> _Work to complete_
Please transcribe only the lines that run from the line bearing "Corporate headshot of Analyst Gaby Dabek" to the end of the entries, keeping both end lines. Skip the pictures.

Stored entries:
__________
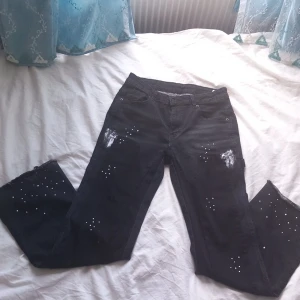 Flare denim - Coola svarta jeans med unika slitningar och vita stänkdetaljer. Byxorna har en straight passform och är perfekta för en streetwear stil. De har klassisk femficksdesign och knappgylf. Pris kan diskuteras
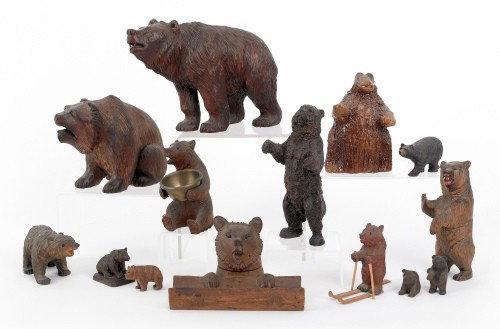 Eleven carved bears, 20th c., together with a red: Eleven carved bears, 20th c., together with a redware example, largest - 8 1/2'' h.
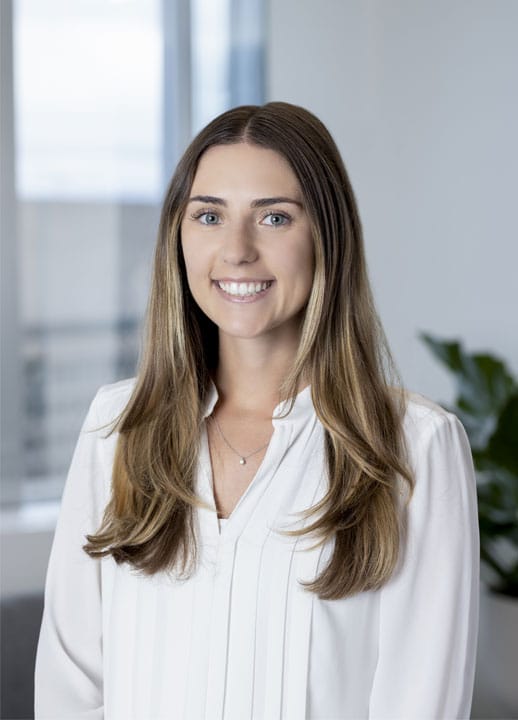 Corporate headshot of Analyst Gaby Dabek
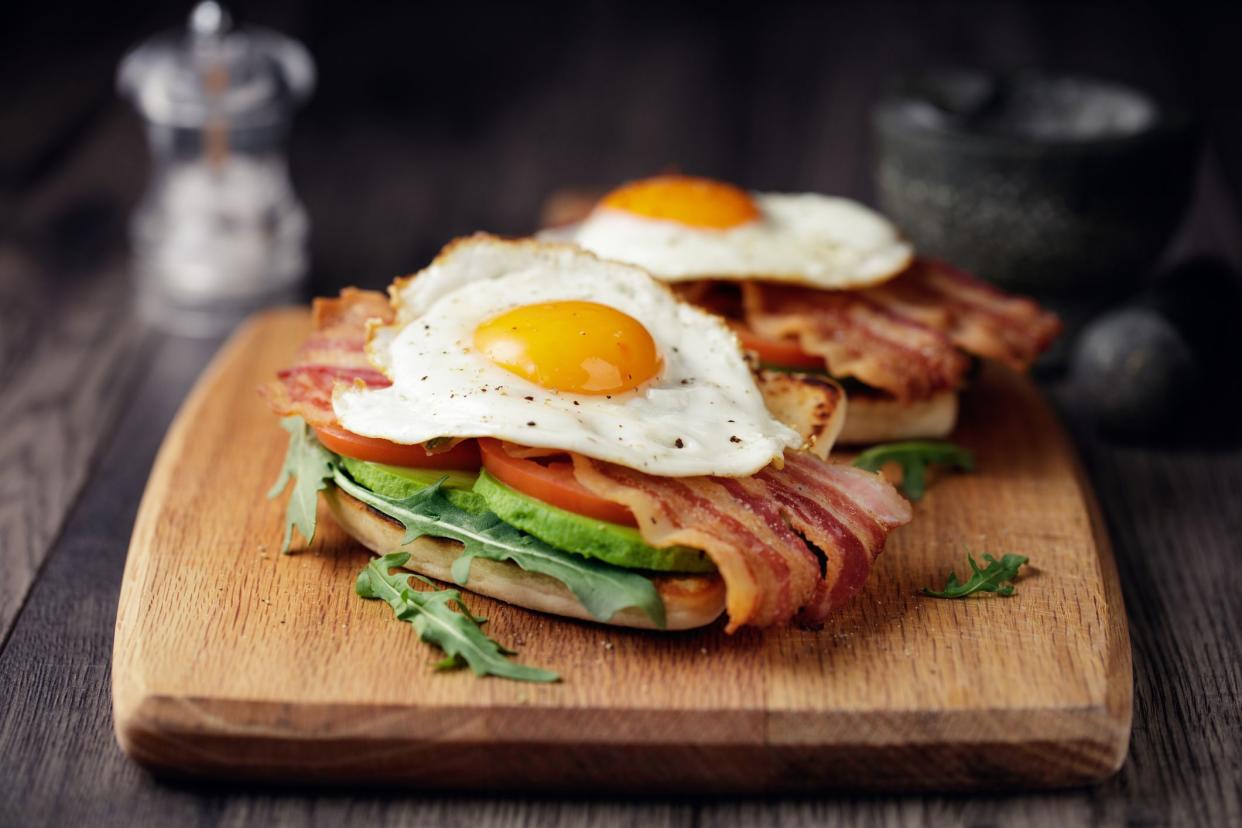 Home made freshness bacon,fried egg with avocado ,tomato and rocket leaves on fried soda bread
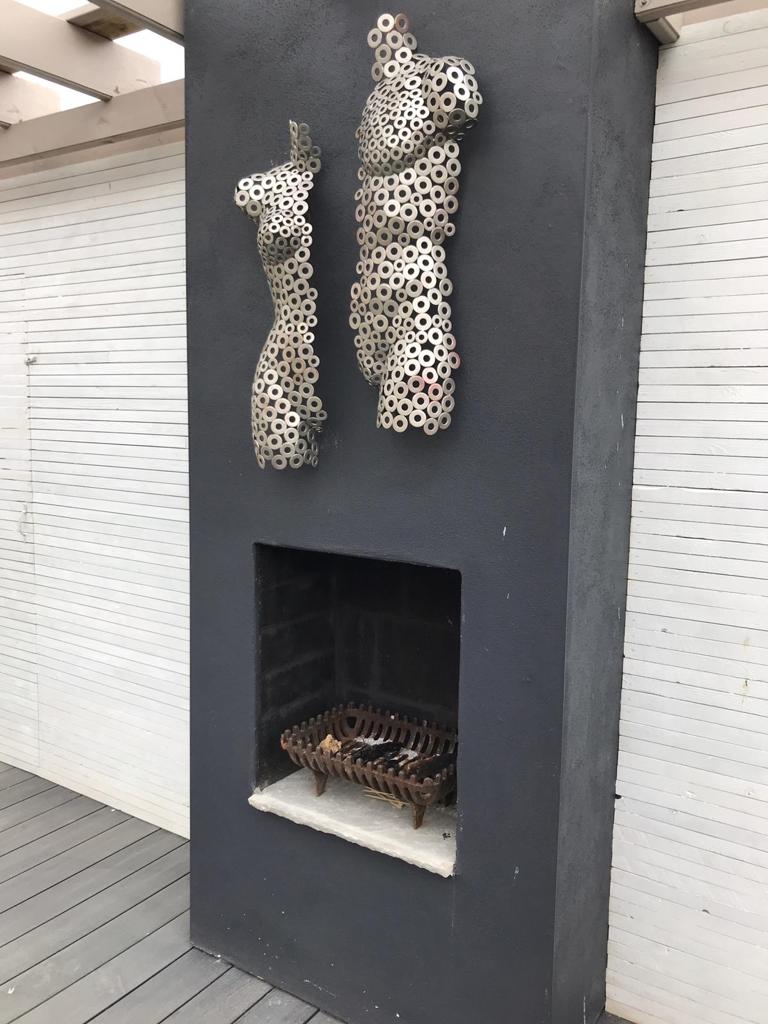 Rendered navy outdoor fireplace in Aldeburgh, Suffolk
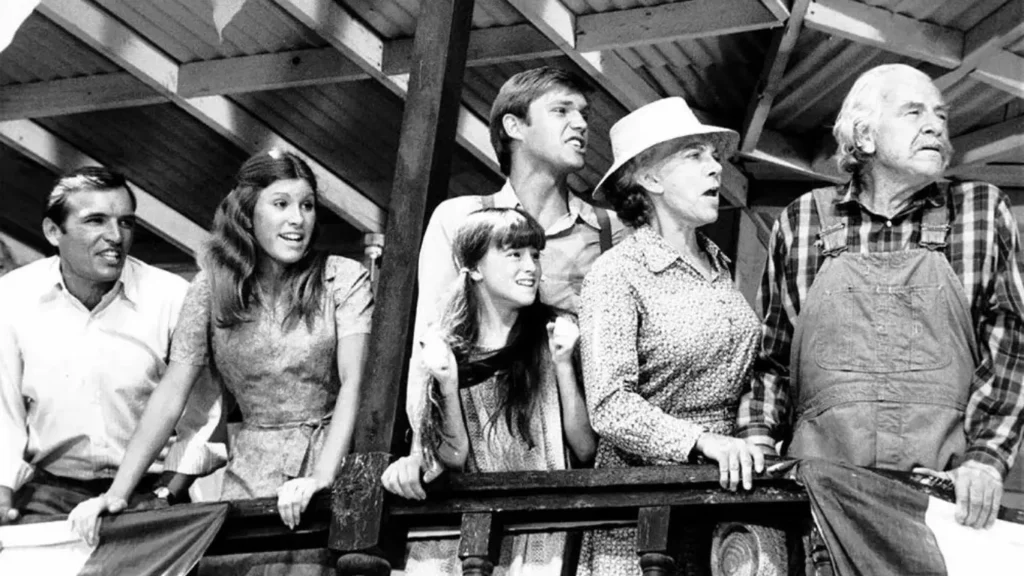 In this 1977 photo from "The Waltons," we see Tom Bower, Judy Norton, Richard Thomas, Kami Cotler, Ellen Corby, and Will Geer.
__________
> _Output for this exercise_
 Corporate headshot of Analyst Gaby Dabek
 Home made freshness bacon,fried egg with avocado ,tomato and rocket leaves on fried soda bread
 Rendered navy outdoor fireplace in Aldeburgh, Suffolk
 In this 1977 photo from "The Waltons," we see Tom Bower, Judy Norton, Richard Thomas, Kami Cotler, Ellen Corby, and Will Geer.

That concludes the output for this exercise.